Produção total atinge 5,168 milhões de boe/d
Considerando petróleo e gás natural, a produção nacional totalizou 5,168 milhões de barris de óleo equivalente por dia (boe/d) em janeiro. O número consolida o Brasil como um dos principais produtores globais, ampliando sua relevância geopolítica no mercado energético.
O avanço da produção de petróleo do Brasil ocorre em um contexto de transição energética global, no qual países produtores buscam equilibrar expansão de oferta com compromissos ambientais e metas de descarbonização.
Impactos macroeconômicos e fiscais
O crescimento da produção de petróleo do Brasil tem reflexos diretos sobre a arrecadação de royalties e participações especiais, fortalecendo receitas de estados e municípios produtores. Além disso, a expansão do setor impulsiona investimentos, geração de empregos qualificados e movimentação na cadeia de fornecedores.
Analistas apontam que o desempenho robusto do setor petrolífero contribui para o equilíbrio das contas externas, uma vez que amplia a capacidade de exportação de óleo bruto e derivados.
Ao mesmo tempo, o aumento da produção de petróleo do Brasil exige planejamento estratégico para garantir competitividade em um mercado global cada vez mais volátil, influenciado por fatores geopolíticos, oscilações de preço e avanços tecnológicos.
Perspectivas para 2026 e desafios estruturais
A expectativa do mercado é de que a produção de petróleo do Brasil mantenha trajetória de crescimento ao longo de 2026, impulsionada pela entrada de novas plataformas e pela ampliação da capacidade instalada nos campos do pré-sal.

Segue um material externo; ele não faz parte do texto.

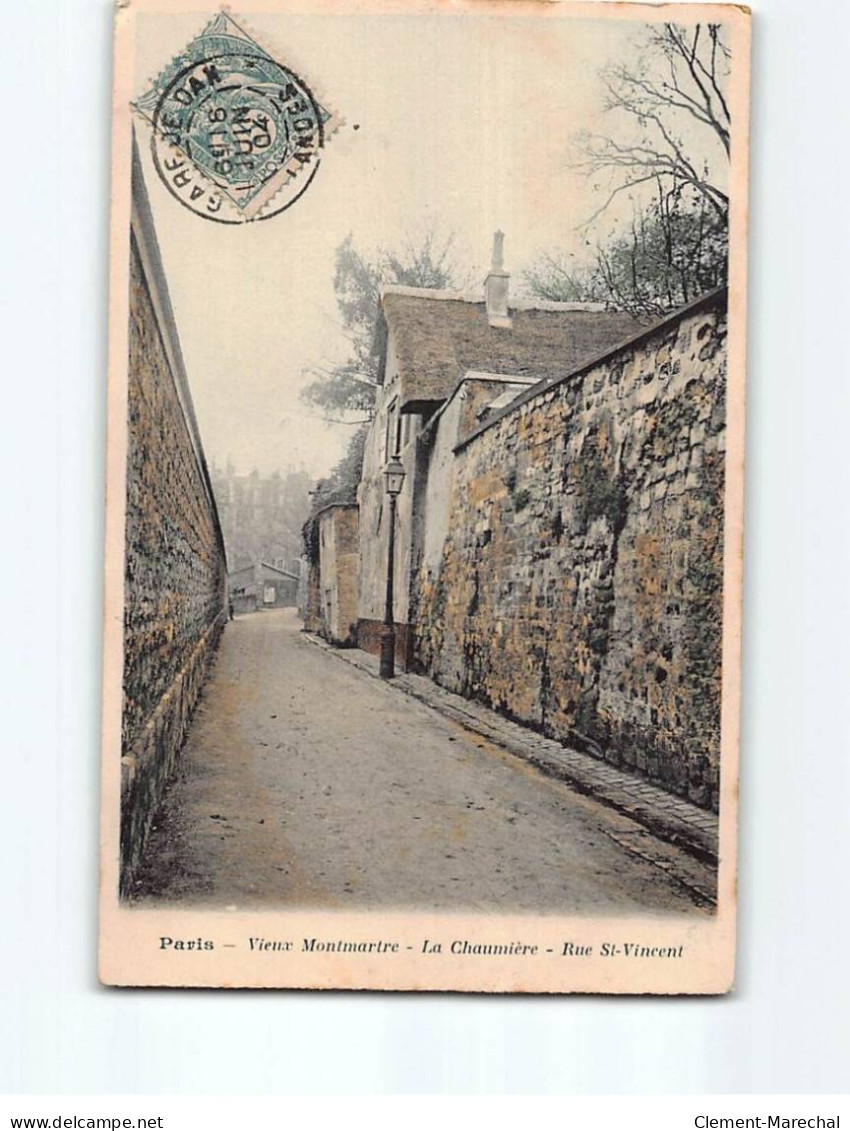 PARIS : Vieux Montmartre, La Chaumière, Rue Saint-Vincent - état - Autres & Non Classés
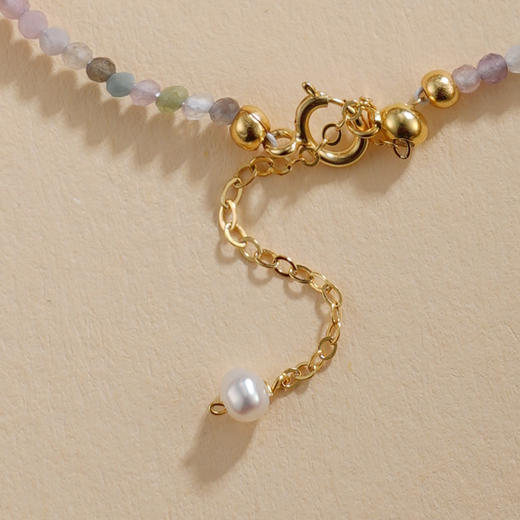 子佩集【汐光微语】银S925珍珠惜王妃手链【SGB0310006】镀金彩珠2602 商品图3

Entre os desafios estão a necessidade de investimentos contínuos em infraestrutura logística, escoamento e refino, além da adequação a exigências ambientais cada vez mais rigorosas.

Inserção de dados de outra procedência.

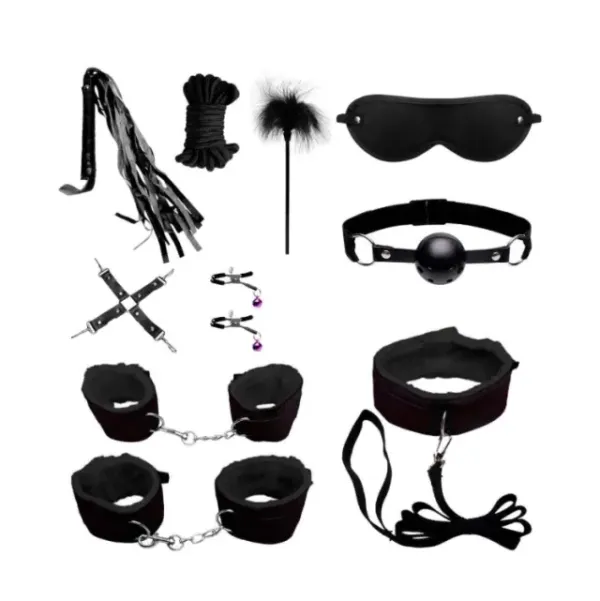 Kit Sado Bondage Peluciado 10 itens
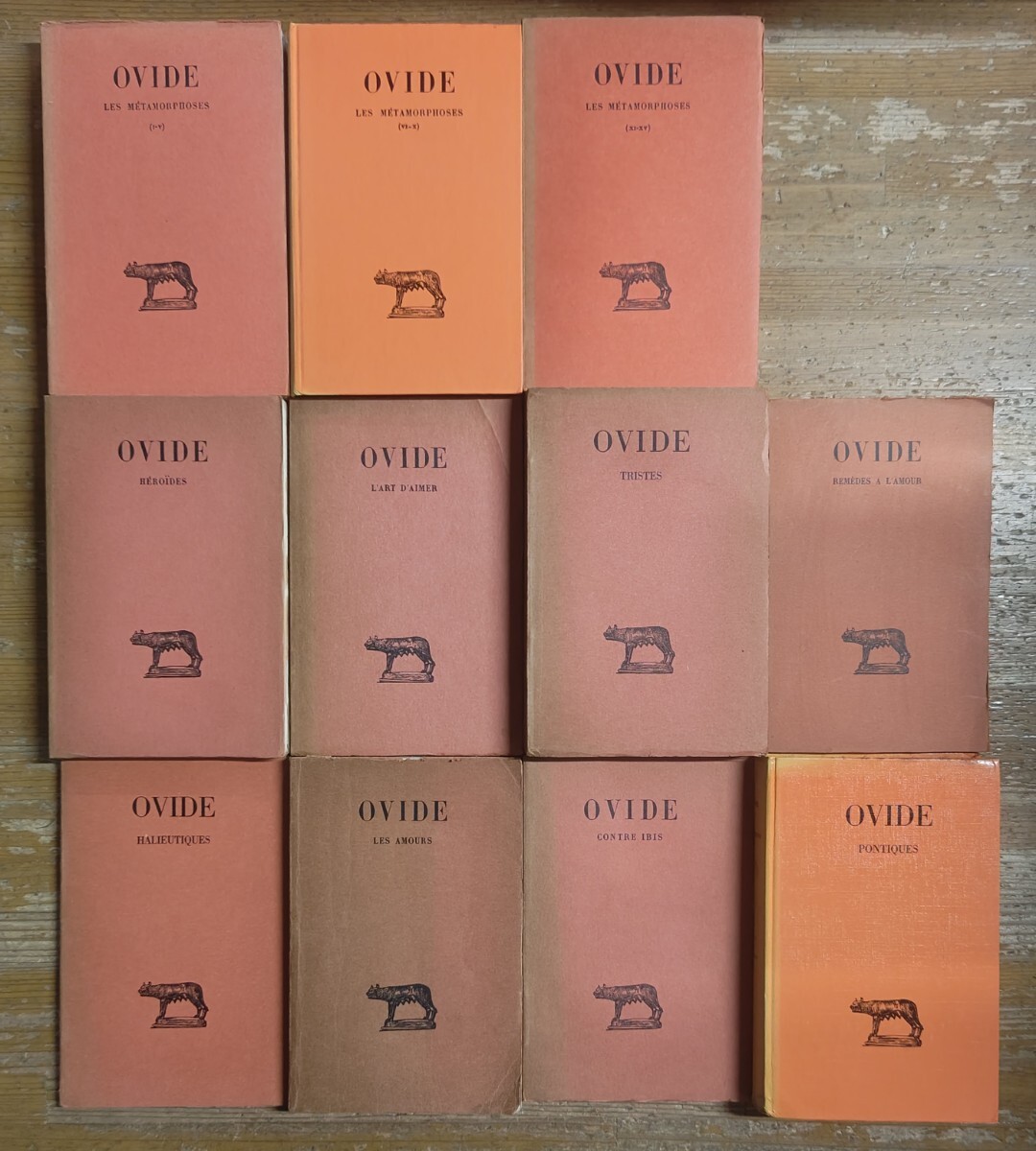 y0615-16.オウィディウス ビュデ叢書 洋書/OVIDE/古代ローマ/ラテン古典文学/詩集/ラテン語テキスト/フランス語訳/注釈拍卖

O fortalecimento da governança regulatória sob coordenação da ANP também será determinante para sustentar a expansão da produção de petróleo do Brasil, garantindo segurança jurídica e previsibilidade aos investidores.
Brasil amplia peso no tabuleiro energético global
O desempenho de janeiro sinaliza que a produção de petróleo do Brasil segue em rota de consolidação como pilar estratégico da economia nacional. O protagonismo do pré-sal, a liderança operacional da Petrobras e a presença de grandes multinacionais configuram um ambiente de elevada competitividade e eficiência.

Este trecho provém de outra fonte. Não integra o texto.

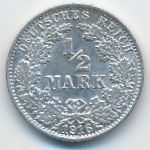 Германия, 1/2 марки (1916 г.)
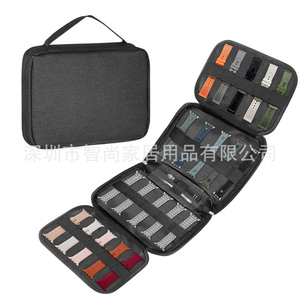 <b>Watch</b> Band Storage <b>Case</b> Nylon Zipper Closure Durable Rectangle <b>Watch</b> Bands Organizer 20 Slots For <b>Watch</b> Accessories - Product Image 4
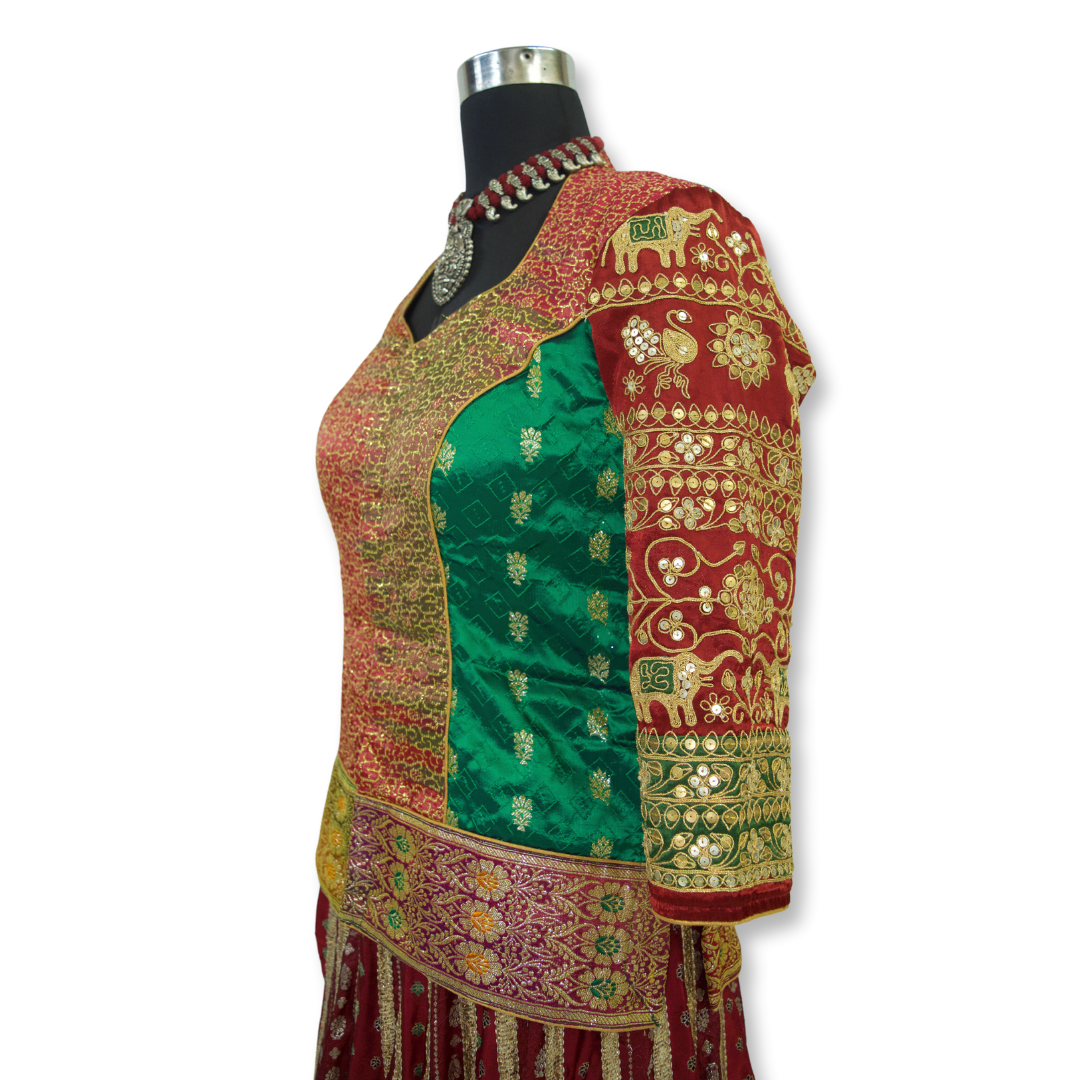 Krupa - Marodi work banarasi blouse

Com reservas expressivas e tecnologia consolidada em águas profundas e ultraprofundas, o país amplia seu peso no cenário energético internacional, enquanto busca equilibrar crescimento econômico e responsabilidade ambiental.
A evolução consistente da produção de petróleo do Brasil reforça não apenas a capacidade técnica da indústria nacional, mas também sua relevância para o desenvolvimento econômico sustentável no médio e longo prazo.